Aegea Medical, a US-based endometrial ablation system developer backed by medical device maker Medtronic and life sciences real estate investment trust BioMed Realty, has raised $17m in financing.
The round was led by venture capital fund Solas BioVentures and unnamed affiliates, and took the company’s overall funding to $113m.
Aegea’s device uses water vapour to treat menorrhagia, a condition where patients suffer abnormally heavy and prolonged menstrual bleeding.
The company plans to use the capital to research the feasibility of preserving uterine cavity access following treatment, and to fund the commercial launch of its new vapor ablation system in 2019.
Maria Sainz, Aegea’s president and CEO, said: “This funding is an important milestone towards the commercialisation of our next-generation Adaptive Vapor Ablation system, as well as research into the feasibility of preserving uterine cavity access following treatment.”

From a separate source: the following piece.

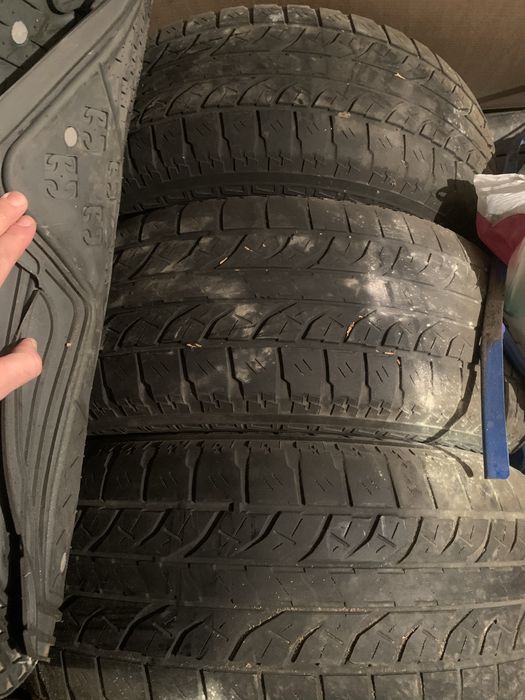 Продам шины Актобе на ланд крузер 200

In January this year, Aegea received $40m in financing from a consortium including Solas, Medtronic, BioMed Realty’s corporate venturing subsidiary, Biomed Ventures, hedge fund sponsor Perceptive Advisors and VC firms Alloy Ventures and Delphi Ventures.
Covidien, the medical device producer that merged with Medtronic in 2014, and seed investors Delphi Ventures and Alloy Ventures had already provided $2m of series A funding for Aegea in 2008, the same year the company secured $6m in debt financing.
The trio re-upped into Aegea’s $13.3m series B round three years later, and the company added $36m in a 2015 series C round featuring BioMed, Medtronic, Alloy Ventures, Delphi Ventures and Solas.